City Chic Collective has recorded a 15.2% drop in year-to-date (YTD) group sales amid a backtrack on its promotional strategies.
Compared to FY22 YTD sales, its ANZ market reported a 10.8% drop to $122.1 million in YTD sales for FY23. This is behind an 8% drop in Europe, Middle East and Asia (EMEA) to $33.9 million and ahead of a 28.6% drop in the Americas of $106.2 million.
Its online channels recorded a 23.2% drop in YTD sales to $182.5 million compared to FY22, but are up 12.7% on FY21.
Moreover, City Chic’s store portfolio accrued $53.5 million in sales, up 6.2% from last year and down 8.2% from FY21.

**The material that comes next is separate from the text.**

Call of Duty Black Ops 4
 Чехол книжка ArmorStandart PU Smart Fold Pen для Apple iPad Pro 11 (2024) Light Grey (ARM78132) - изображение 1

According to City Chic, its promotional activity was reduced in the United Kingdom and ANZ as it entered the fourth quarter; however, this reportedly impacted conversion rates with consumers not responding as expected.
With a return to promotional activity in April, sales in ANZ improved, while the UK saw “exceptionally challenging” operations with heavy discounting required to drive demand.
City Chic reported that these unique circumstances significantly impacted March revenue.
Fulfilment costs YTD as a percentage of revenue remain around 5% above last year due to lower average selling prices and volumes. However, April saw improvement in cost per transaction as the Group’s warehouse consolidation nears completion.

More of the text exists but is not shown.